• [PROVIDED MATERIAL]
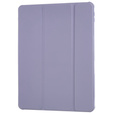 Pouzdro pro iPad 10.2 2021 / 2020 / 2019, Smartcase Hybrid, se slotem na stylus, fialové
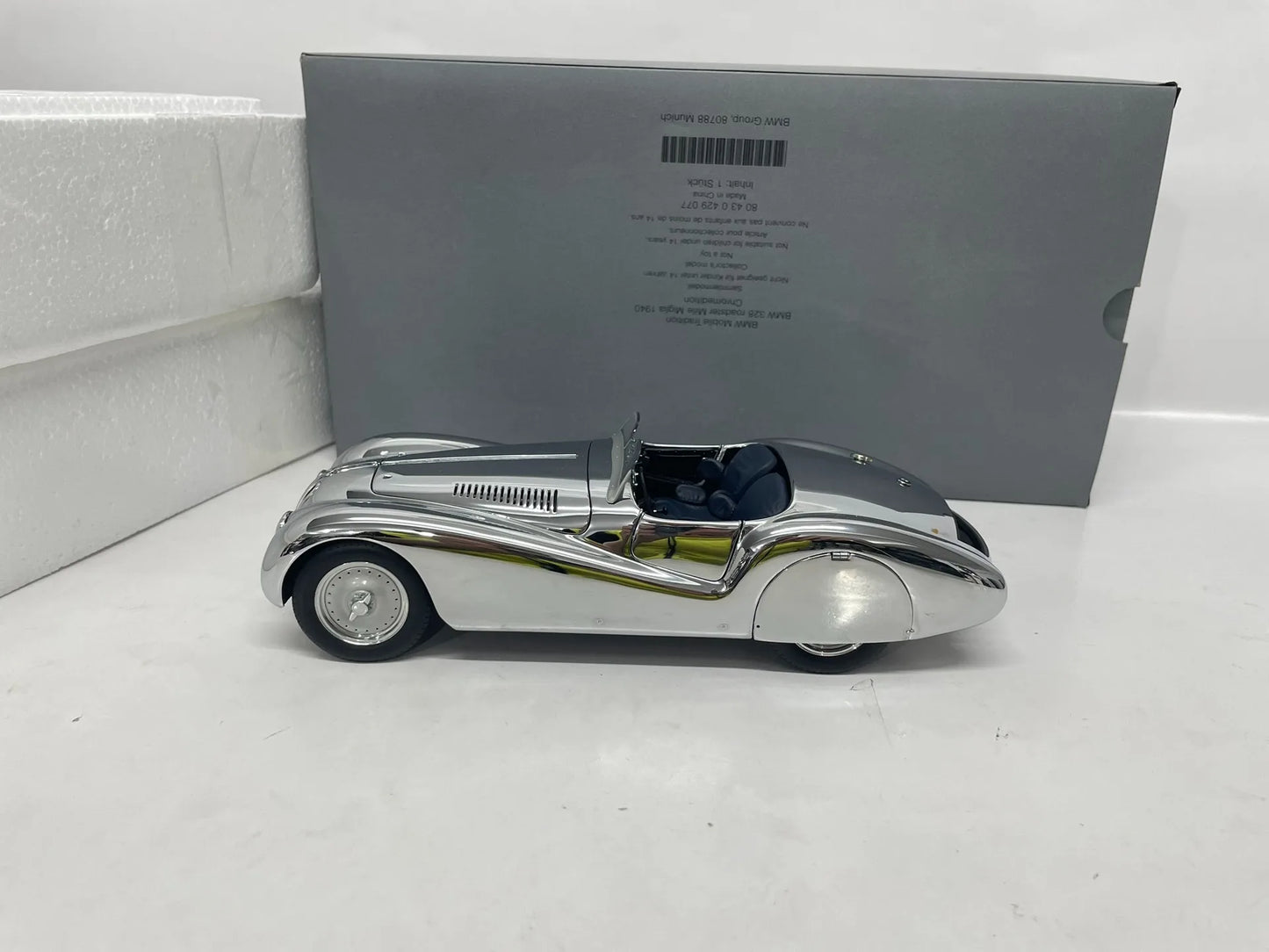 Autoart 1:18 328 Roadster Electrotyping Simulation Limited Edition All Open Alloy Metal Static Car Model Toy Gift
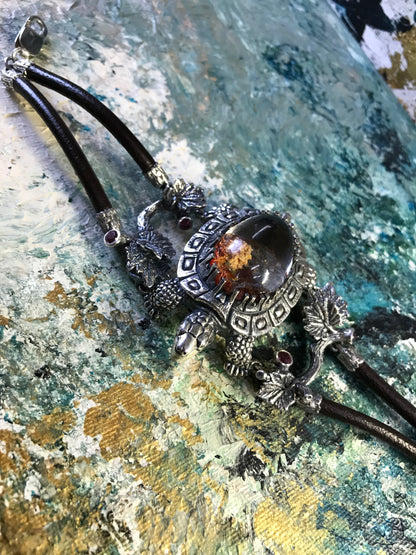 Sterling Silver Turtle Bracelet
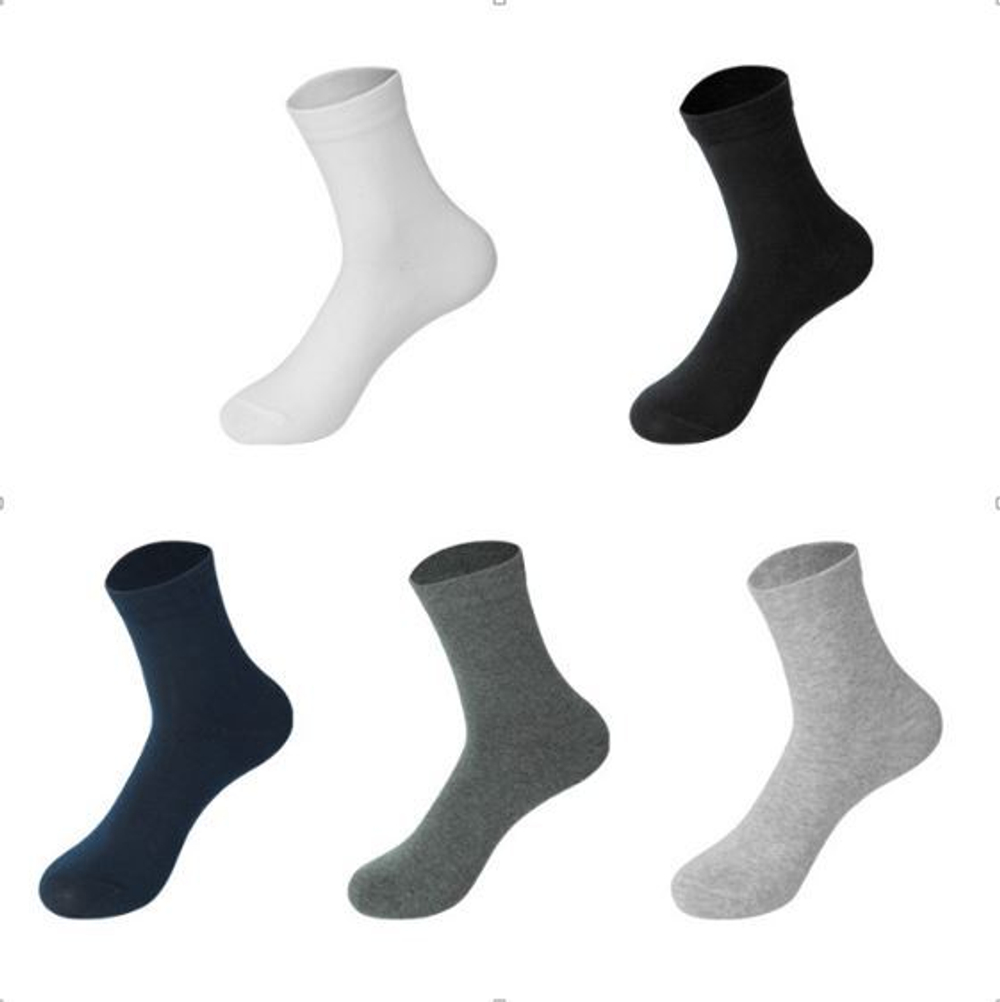 Комплект носков Cotton (5 пар в коробке) белый
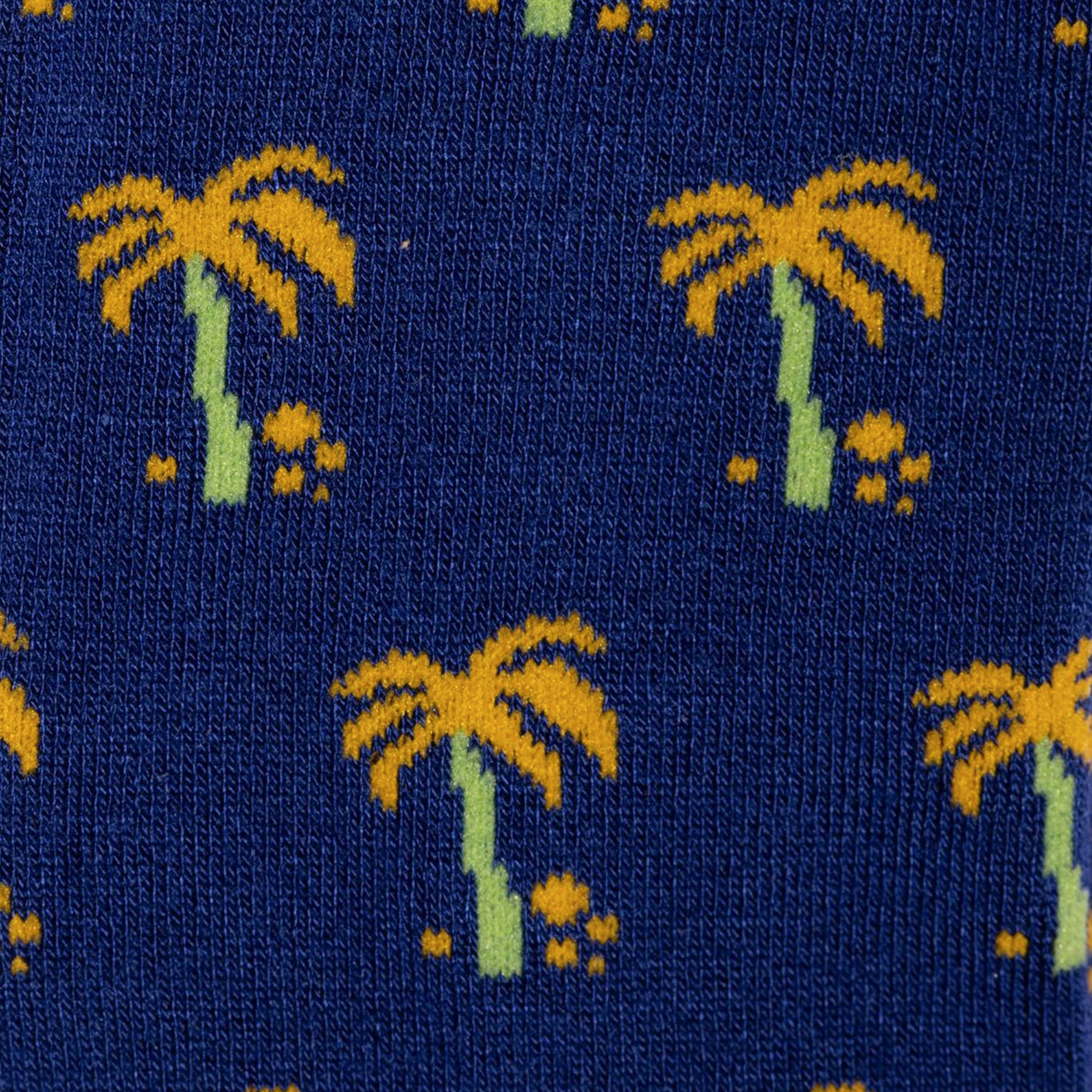 Swole Panda SP352 Palm Tree Bamboo Socks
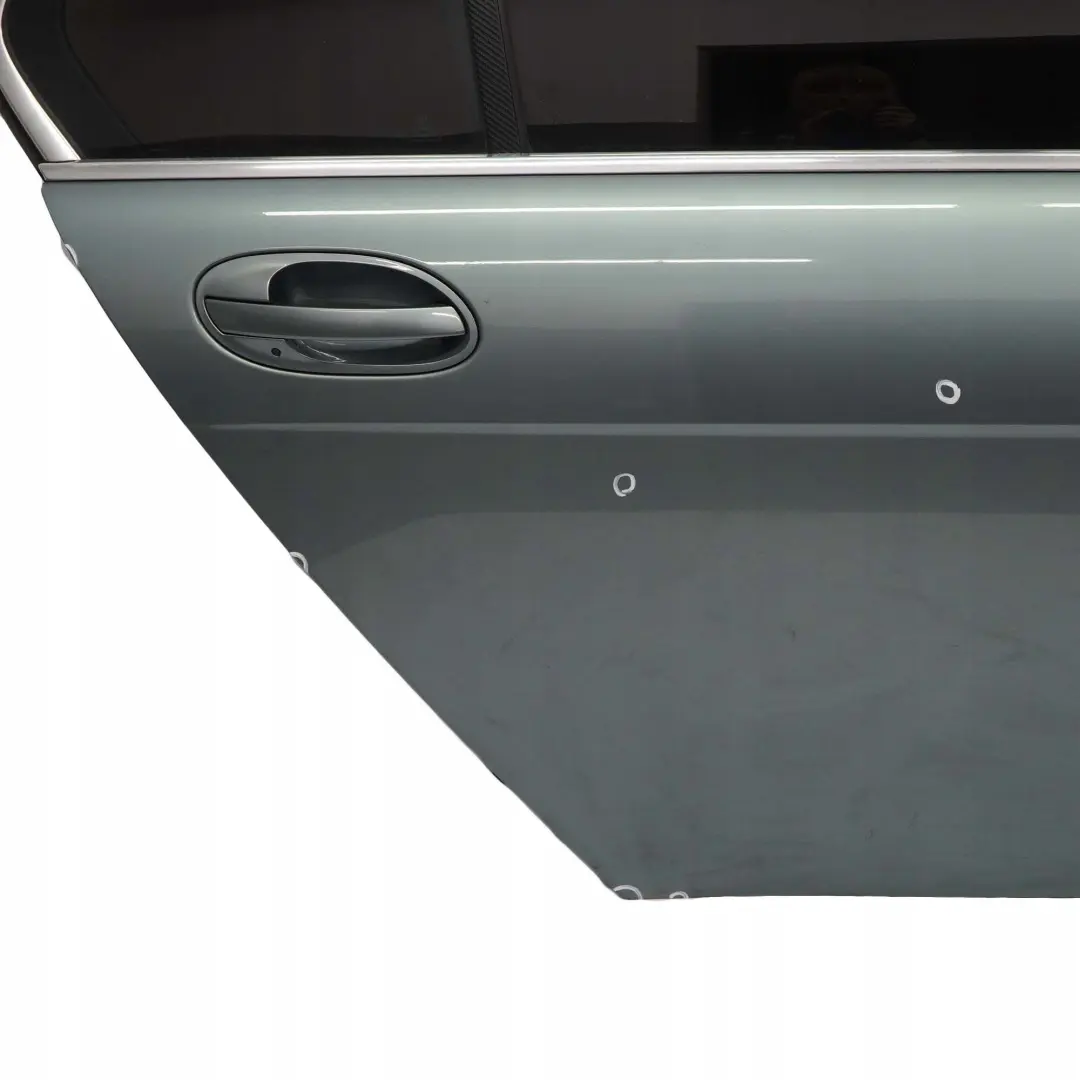BMW E65 Puerta Trasera Derecha Schiefergruen Verde Pizarra Metalizado - 449 - SKU 7202084-SGM - Número de pieza 7202084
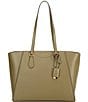 Michael Kors Taryn Large Multi Function Top Zip Tote Bag, Color:Safari Green - Image 1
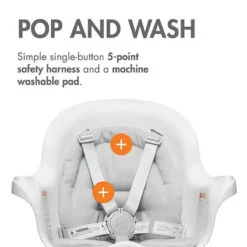 Tomy - Grub Highchair Pad Pink -Macro Baby Store tomy grub highchair pad pink image 9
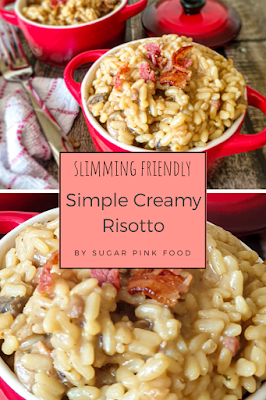 Simple Slimming World Friendly Mushroom Risotto Recipe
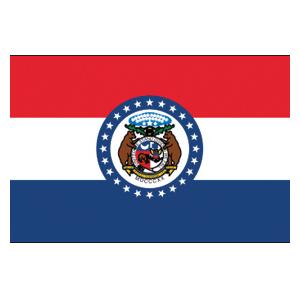 Missouri State Flag (3' x 5')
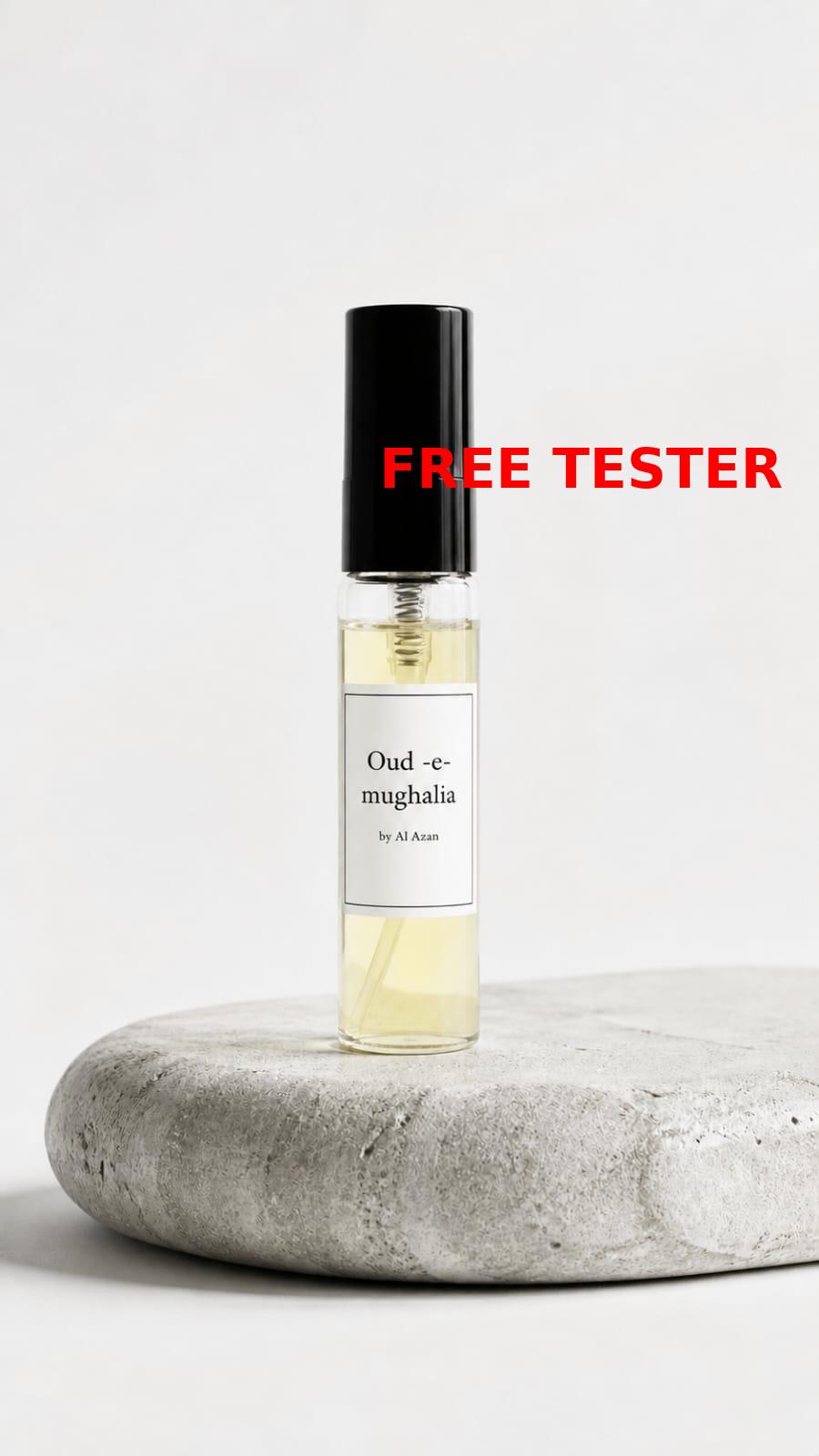 10 ml Perfume Tester | WITH FREE 5ML TESTER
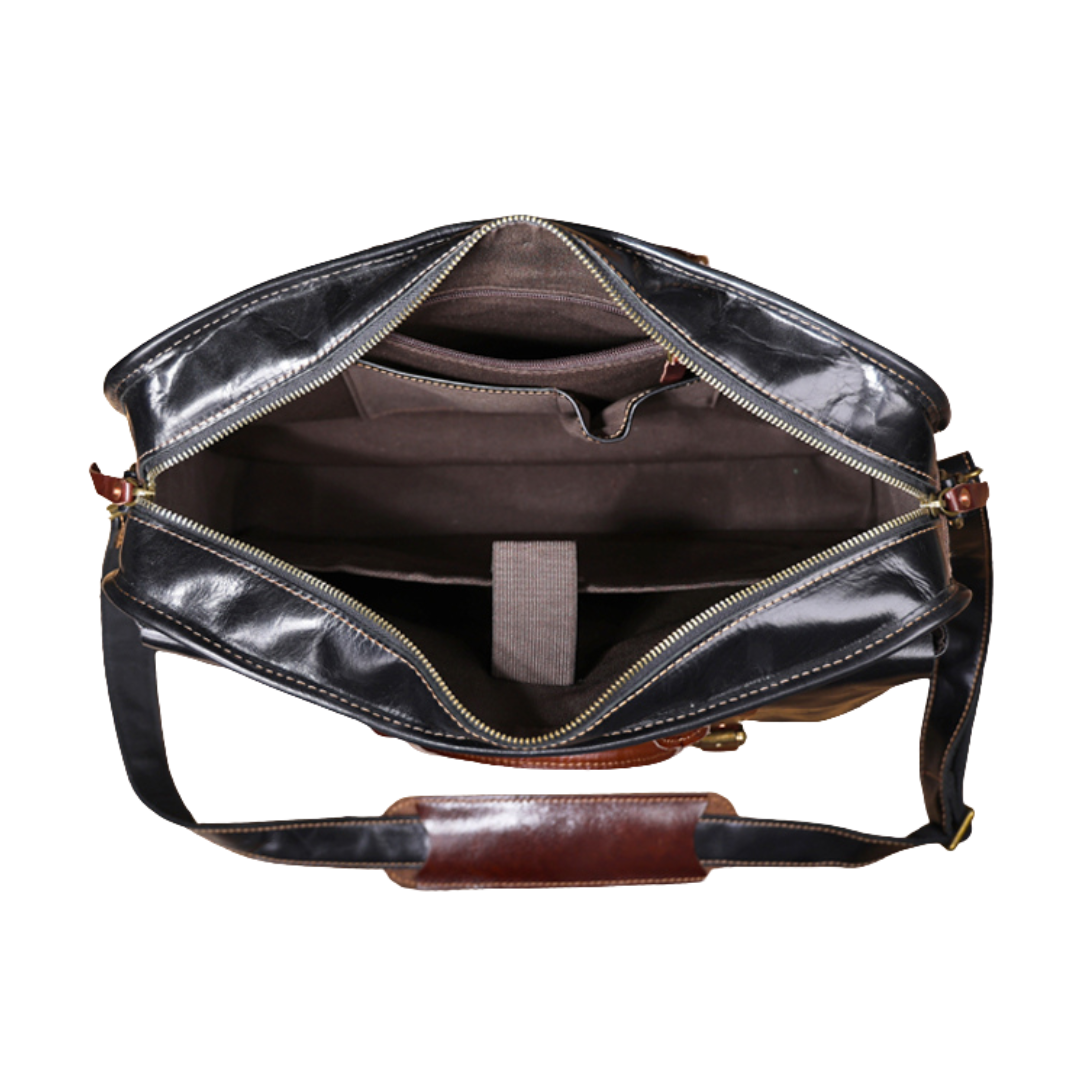 DURANT LEATHER BRIEFCASE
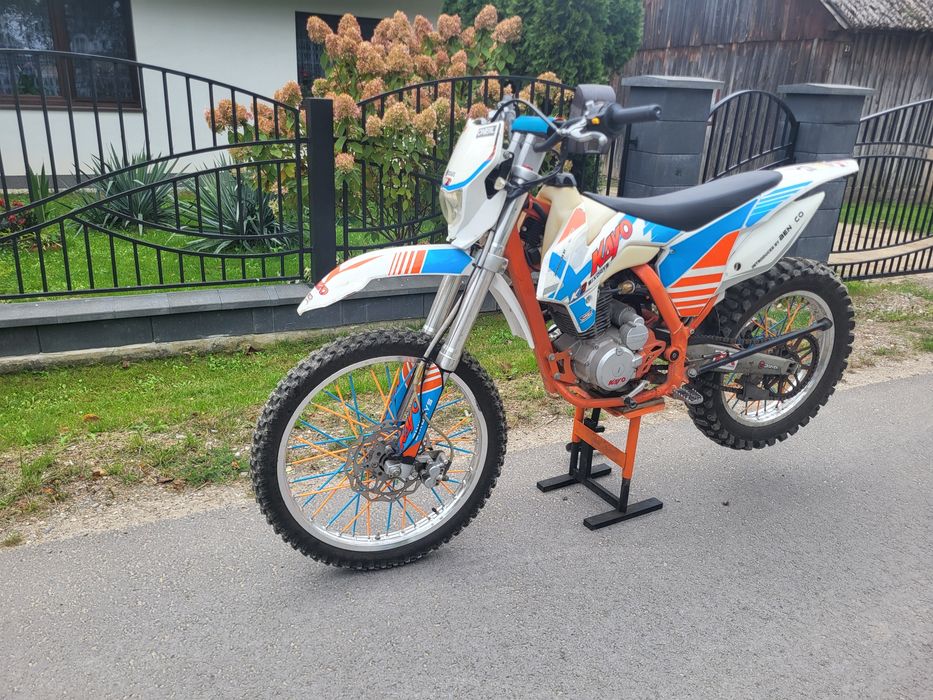 Kayo K2 250 z licznikiem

• [DESCRIPTION OF THE TASK] Repeat, exactly and in full, all the material above except its pictures.

• [OUTPUT OF THE TASK]
 Pouzdro pro iPad 10.2 2021 / 2020 / 2019, Smartcase Hybrid, se slotem na stylus, fialové
 Autoart 1:18 328 Roadster Electrotyping Simulation Limited Edition All Open Alloy Metal Static Car Model Toy Gift
 Sterling Silver Turtle Bracelet
 Комплект носков Cotton (5 пар в коробке) белый
 Swole Panda SP352 Palm Tree Bamboo Socks
BMW E65 Puerta Trasera Derecha Schiefergruen Verde Pizarra Metalizado - 449 - SKU 7202084-SGM - Número de pieza 7202084
 Michael Kors Taryn Large Multi Function Top Zip Tote Bag, Color:Safari Green - Image 1
 Tomy - Grub Highchair Pad Pink -Macro Baby Store tomy grub highchair pad pink image 9
 Simple Slimming World Friendly Mushroom Risotto Recipe
 Missouri State Flag (3' x 5')
 10 ml Perfume Tester | WITH FREE 5ML TESTER
 DURANT LEATHER BRIEFCASE
 Kayo K2 250 z licznikiem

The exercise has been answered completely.